Genocide: It’s time for France to come clean

The new French Government would be doing itself a favor were it to drop Paris’ persistent and increasingly untenable denial of the reality that is so clear to the rest of the world of the complicity of officials in the highest echelons of the state in the Genocide against the Tutsi.
A group of 'Interahamawe' recruits carrying model rifles march down a road as a French soldier looks on. / Internet photo
A group of 'Interahamawe' recruits carrying model rifles march down a road as a French soldier looks on. / Internet photo

Editor,

RE: “Can UN confront France over Genocide against the Tutsi?” (The New Times, July 3).

 

The new French Government would be doing itself a favor were it to drop Paris’ persistent and increasingly untenable denial of the reality that is so clear to the rest of the world of the complicity of officials in the highest echelons of the state in the Genocide against the Tutsi. Too much incontrovertible and mounting evidence of that complicity exists for France to continue to deny it without adding ridicule to its guilt for its active role before, during and after in the most heinous crime known to humanity.

 

Officials in Paris can deny their Government’s role in that Genocide until they are blue in the face; they can try to shut down their accusers and undertake all sorts of underhand campaigns to try and shift blame for the Genocide on its victims and those who stopped it. They can attempt to deflect attention from the Genocide in which they were actively involved to a fictionalized account of who was responsible for bringing down President Juvenal Habyarimana’s aircraft, straining to perform the prestidigital trick of shifting attention from the Genocide to the aircraft crash and assert that it is that crash that caused the Genocide, but ‘les faits sont vraiment tetûs!’

 

No matter how much Paris does to try to change the subject, the more than a million destroyed lives will not be shut down; their voices from the other world will continue to haunt France unless that country comes to terms with its guilt, which the rest of the world is fully aware of.

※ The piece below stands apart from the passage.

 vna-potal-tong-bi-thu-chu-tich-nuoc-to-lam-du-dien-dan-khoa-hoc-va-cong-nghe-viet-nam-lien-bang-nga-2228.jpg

The inability to do so and to make honorable amends for its role in the deaths mean France’s ability to move on will continue to be all but impossible. No amount of effort Paris puts in silencing the ghosts of its crime as well as the living who continue to point fingers of accusation at France for its guilt will succeed; the crime is just too monstrous to be covered up.

Better that Paris owns up, and disowns those who have dragged France’s name in so much blood.